_Data shown_
# # # # #
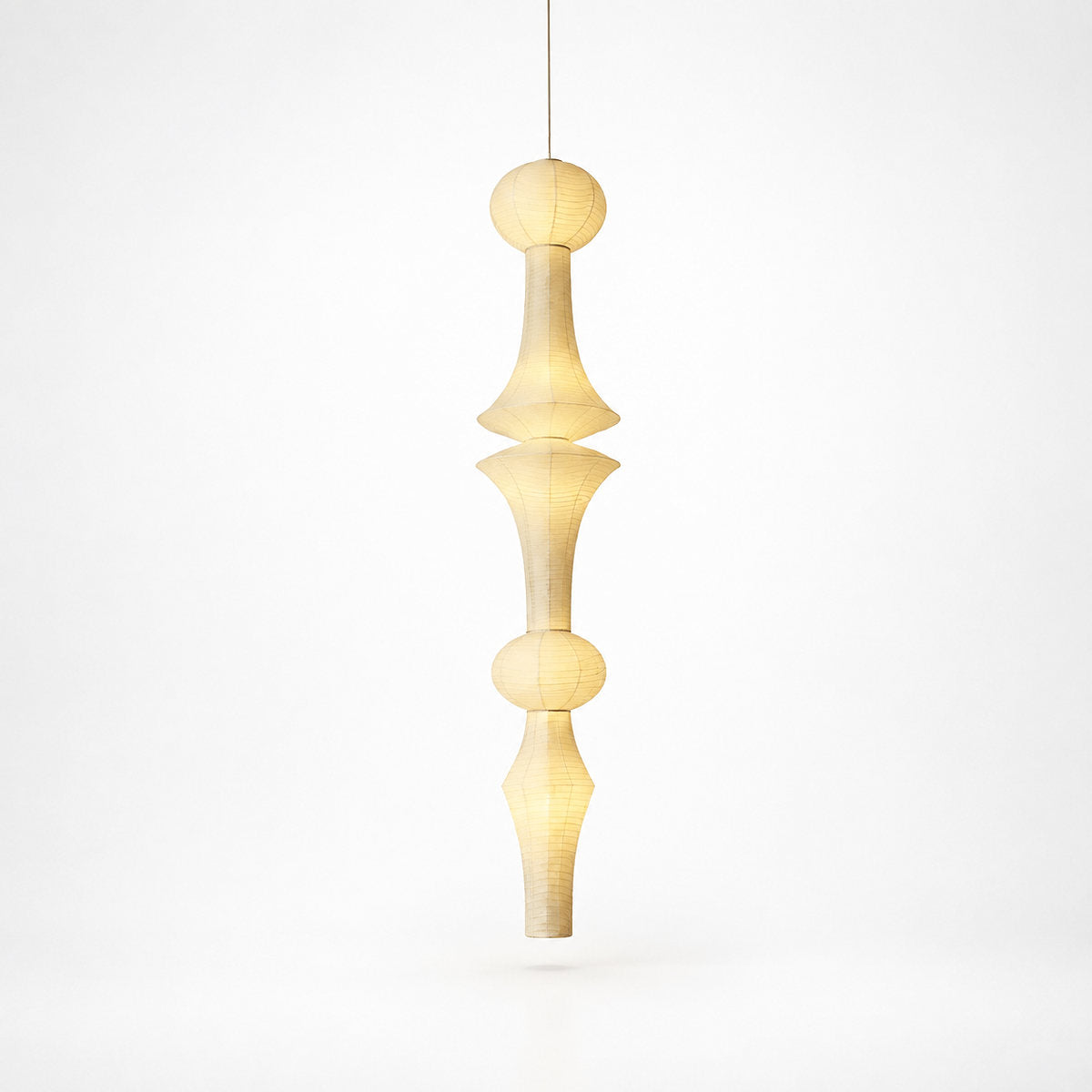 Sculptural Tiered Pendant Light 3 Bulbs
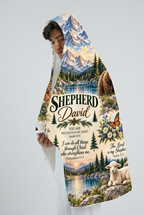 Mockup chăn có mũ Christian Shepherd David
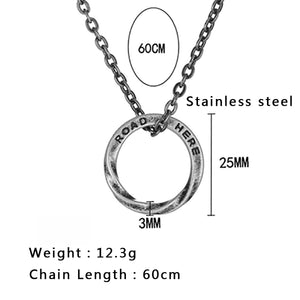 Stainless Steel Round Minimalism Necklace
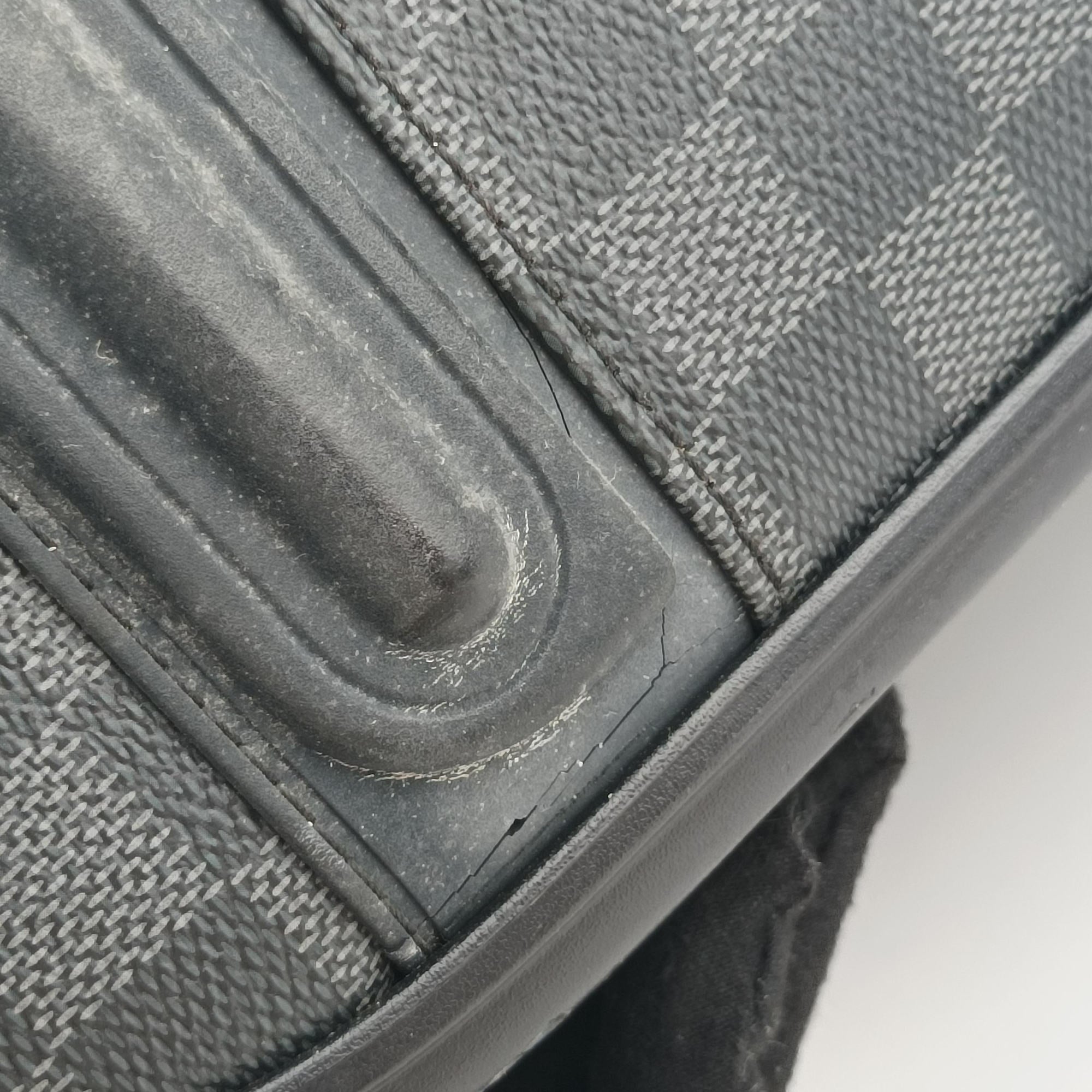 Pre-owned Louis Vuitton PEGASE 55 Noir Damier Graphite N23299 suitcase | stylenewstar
# # # # #
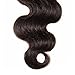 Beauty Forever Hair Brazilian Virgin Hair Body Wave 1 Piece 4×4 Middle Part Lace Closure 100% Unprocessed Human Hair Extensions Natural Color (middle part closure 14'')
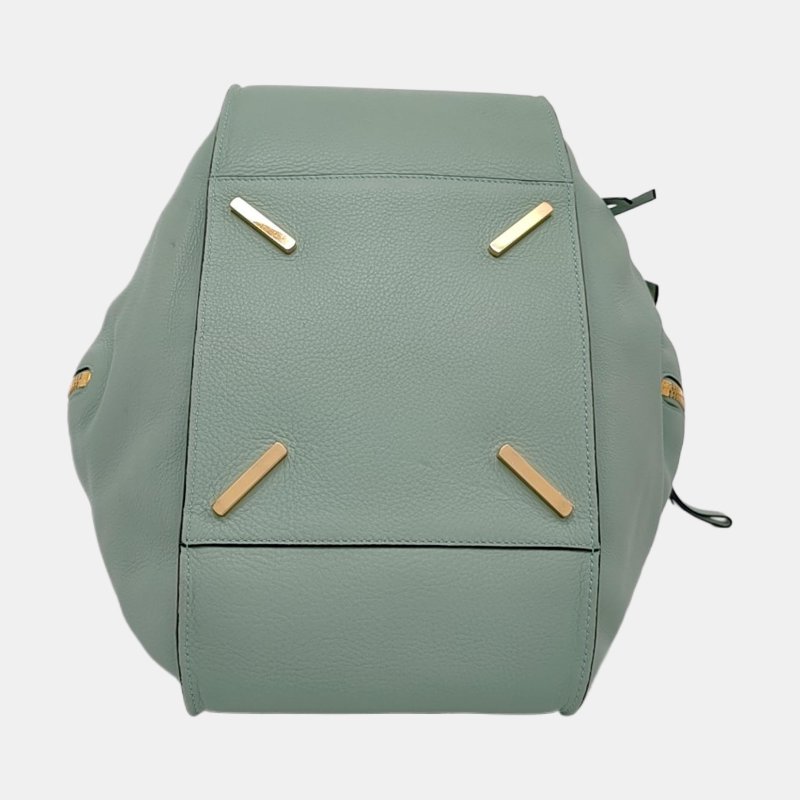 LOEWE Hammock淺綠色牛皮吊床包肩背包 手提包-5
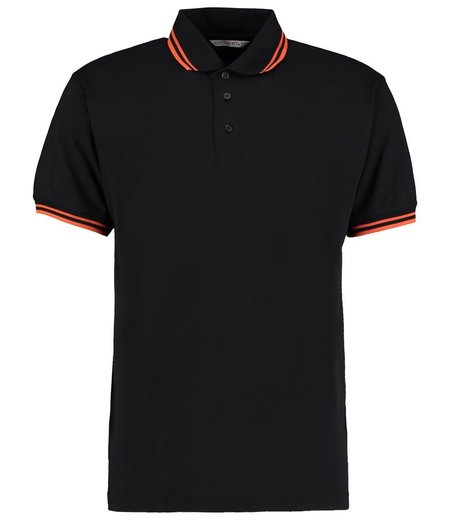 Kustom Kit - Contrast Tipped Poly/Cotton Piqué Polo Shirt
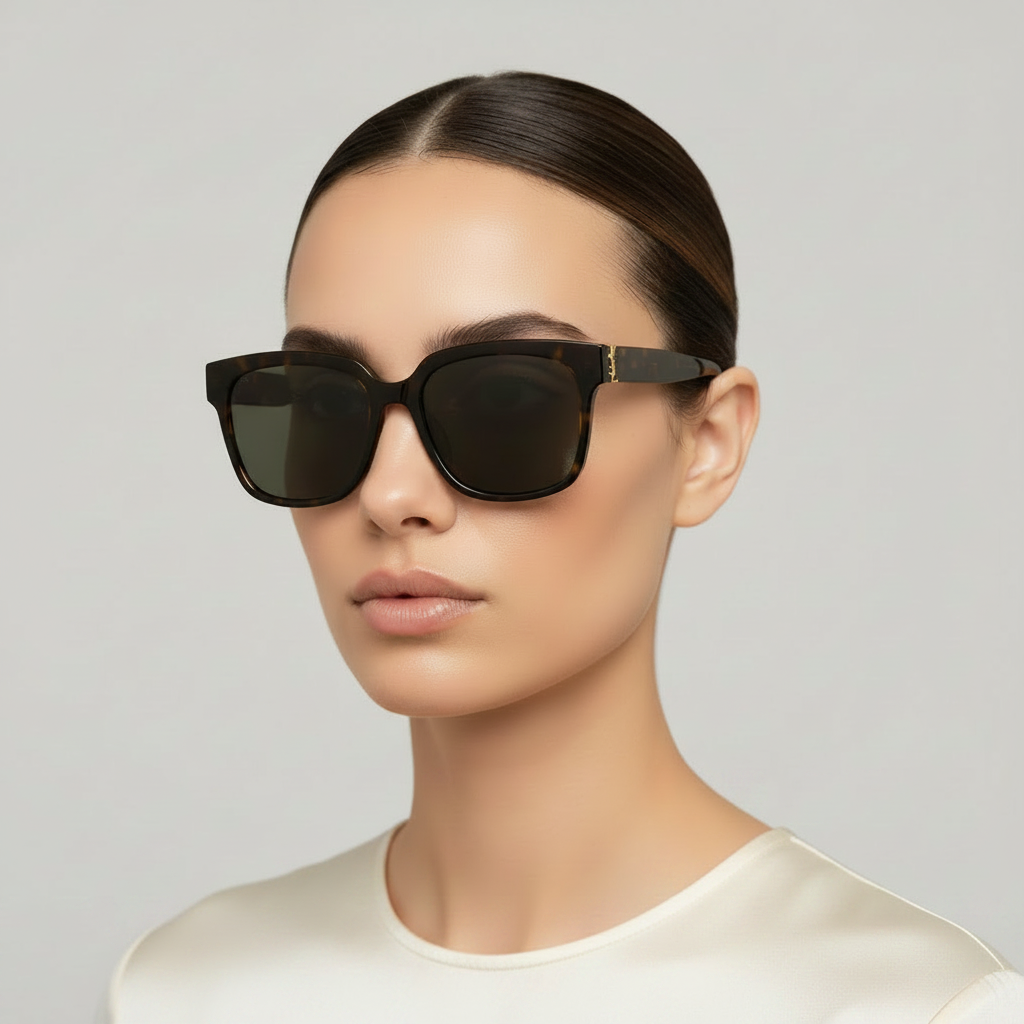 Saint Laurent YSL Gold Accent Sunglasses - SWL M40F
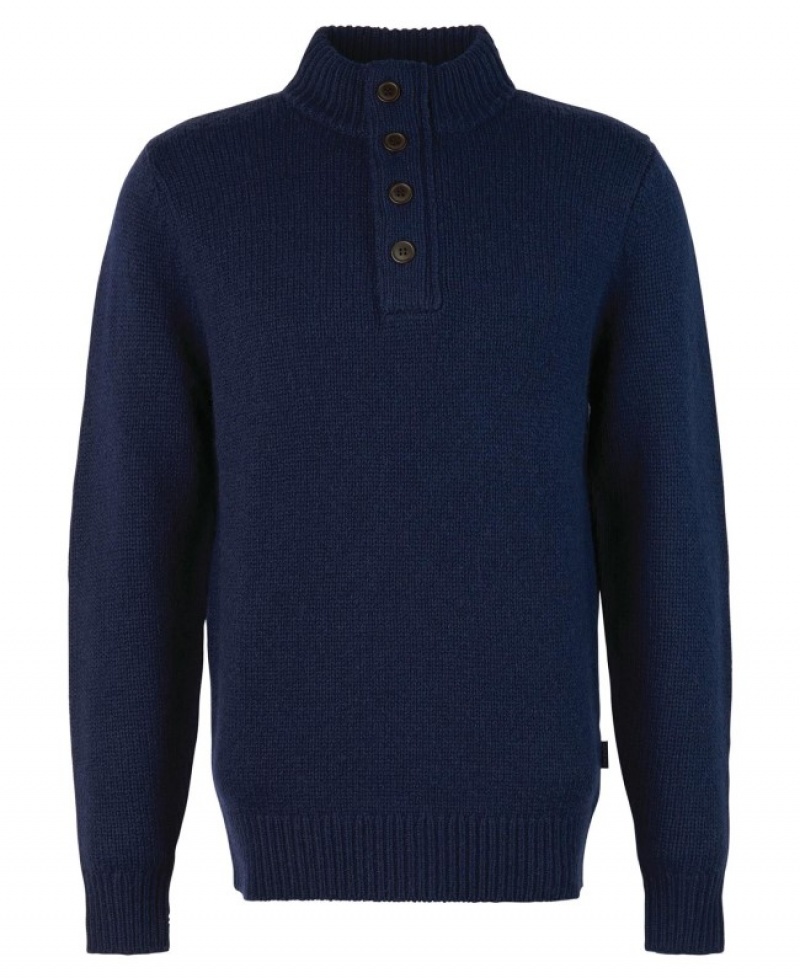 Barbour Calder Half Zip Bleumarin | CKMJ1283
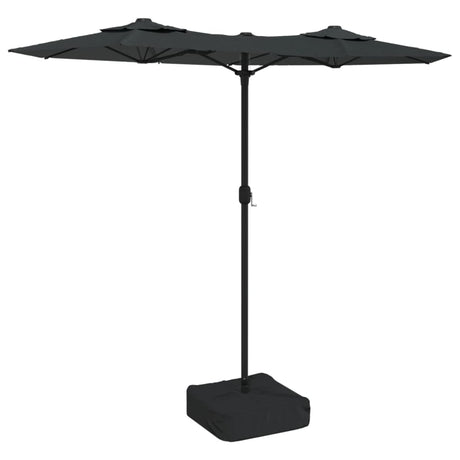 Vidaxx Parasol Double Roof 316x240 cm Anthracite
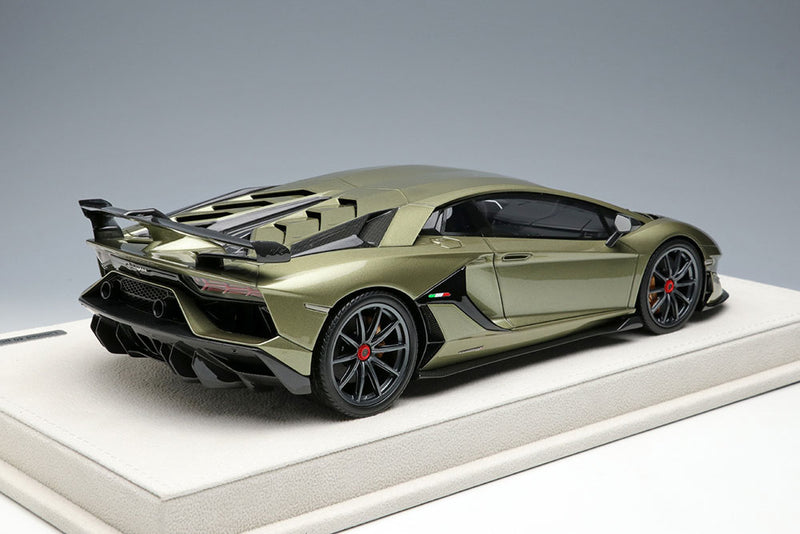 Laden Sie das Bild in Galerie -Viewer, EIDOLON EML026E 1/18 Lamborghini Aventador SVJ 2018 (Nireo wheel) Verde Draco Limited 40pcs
# # # # #
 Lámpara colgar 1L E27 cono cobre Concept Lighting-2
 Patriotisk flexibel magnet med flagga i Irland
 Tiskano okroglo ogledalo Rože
# # # # #
_Task_
Copy the listing above exactly, but only from the line with "Kustom Kit - Contrast" through the line with "Laden Sie das", including those two lines and excluding any picture.

_Output below_
 Kustom Kit - Contrast Tipped Poly/Cotton Piqué Polo Shirt
 Saint Laurent YSL Gold Accent Sunglasses - SWL M40F
 Barbour Calder Half Zip Bleumarin | CKMJ1283
 Vidaxx Parasol Double Roof 316x240 cm Anthracite
 Laden Sie das Bild in Galerie -Viewer, EIDOLON EML026E 1/18 Lamborghini Aventador SVJ 2018 (Nireo wheel) Verde Draco Limited 40pcs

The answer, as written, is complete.